Así que nos pusimos guapos, nos fuimos al cine y de cenita romántica, dejando mi momento especial para el final. Como no le había dicho nada, él estuvo todo el tiempo expectante e ilusionado, sin imaginar qué le tendría preparado. Me hizo su regalo en mitad de la cena, eso sí: una nueva bala vibradora con control desde una app, que por supuesto tuve que probar nada más abrirla. Sin saberlo, mi novio estaba abonando el terreno para el gran remate de la noche. Antes de los postres ya me había sobresaltado con una de las vibraciones más altas y estimulantes que Pablo había escogido para mi interior y, cómo no, mi cuerpo había ido respondiendo en consecuencia. Algo que mis bragas mojadas y mi sonrisa evidenciaban a la par. Para cuando terminamos la primera copa, Pablo ya me había preguntado varias veces que cuál era su sorpresa.
―Voy al baño un momento y enseguida lo vas a ver ―le dije.
Desde aquel cuartucho para féminas, pequeño y decorado con colores fluorescentes le mandé un sugerente whatsapp requiriendo su presencia.
―¡Ven inmediatamente al baño a quitarme con la boca lo que me has regalado!

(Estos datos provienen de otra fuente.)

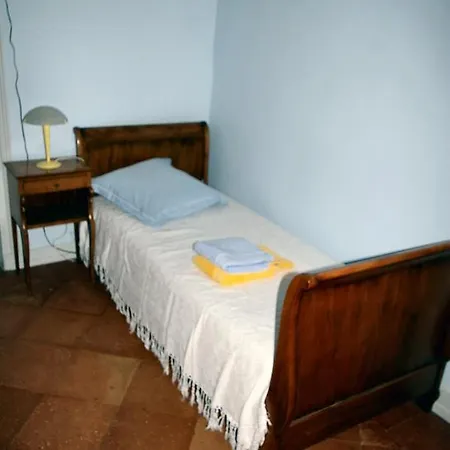 Grande Maison Mirabelensis - D'hotes Mirabel (Tarn-et-Garonne)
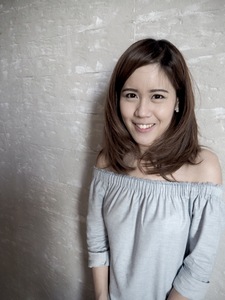 Ni Chayutimand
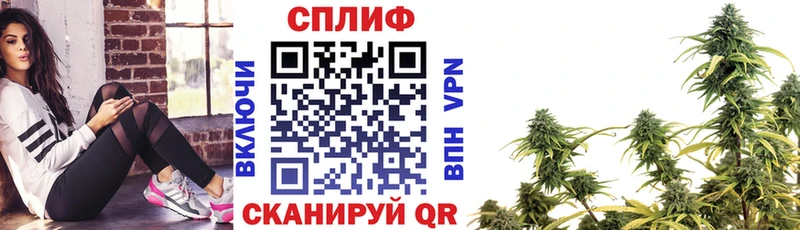 kraken ССЫЛКА  сайты даркнета формула  Шишки марихуана тримм  где найти наркотики  Спас-Деменск 
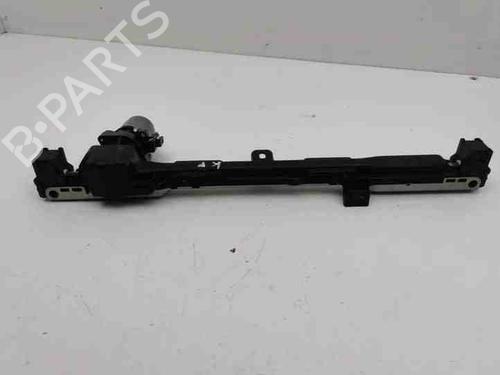 Electronic module LEXUS NX (_Z1_) 300h AWD (AYZ15_) | BP28857019M83 - Image 5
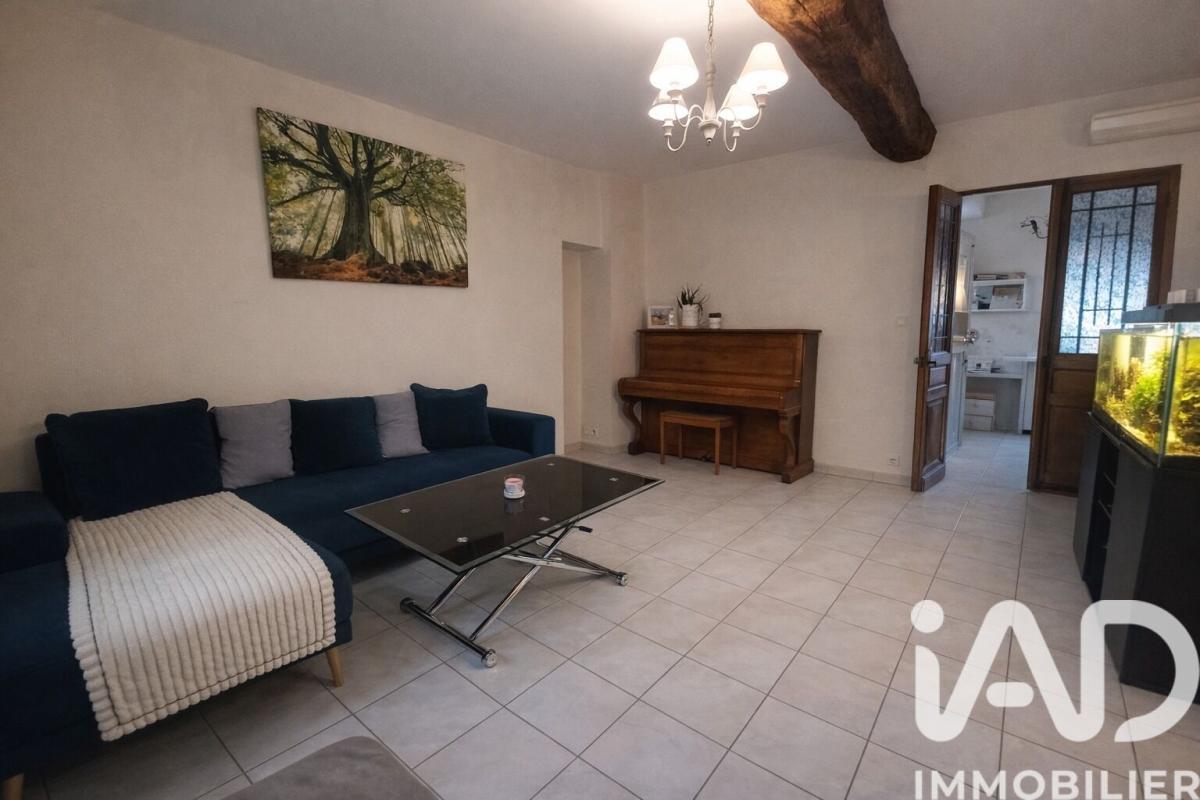 Maison 8 Pièce(s) Château-Thierry - Photo 3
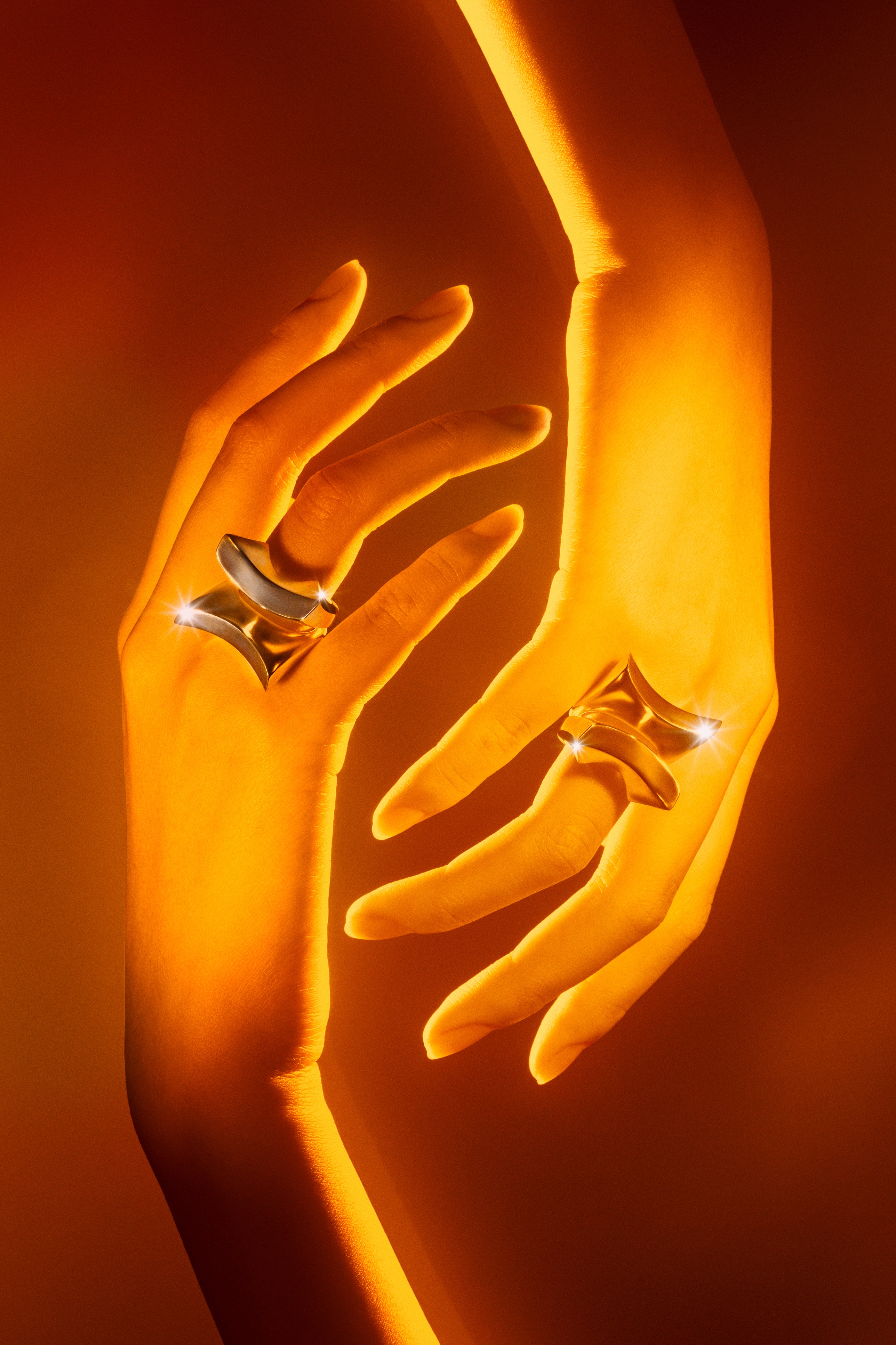 i don't work for you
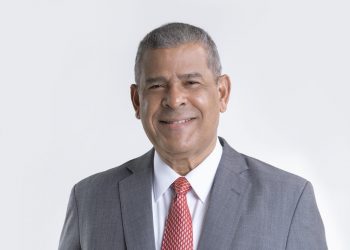 MAP eliminará “botellas” de instituciones públicas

No contestó. En la mitad de lo que yo había tardado antes en llegar hasta el aseo sorteando a los parroquianos Pablo, con una fuerte erección entre sus piernas, abrió la puerta ante la pasmosa mirada de una chica que esperaba su turno y a la que amablemente despachó con un «perdona, pero me necesitan dentro». Y sin darse tregua, se sentó en la taza, me agarró con fuerza por las nalgas para acercarme a su cara y procedió con su lengua a resolver lo que yo le había pedido.
Terminé sentada sobre él, gritando mi segundo orgasmo a los cuatro vientos como si hubiera estado sola en aquel local. Pero a mi favor diré que lo hicimos todo tan rápido que las que hacían cola fuera no tuvieron que esperar casi nada. Como dijeron aquellos: ¡bares, qué lugares!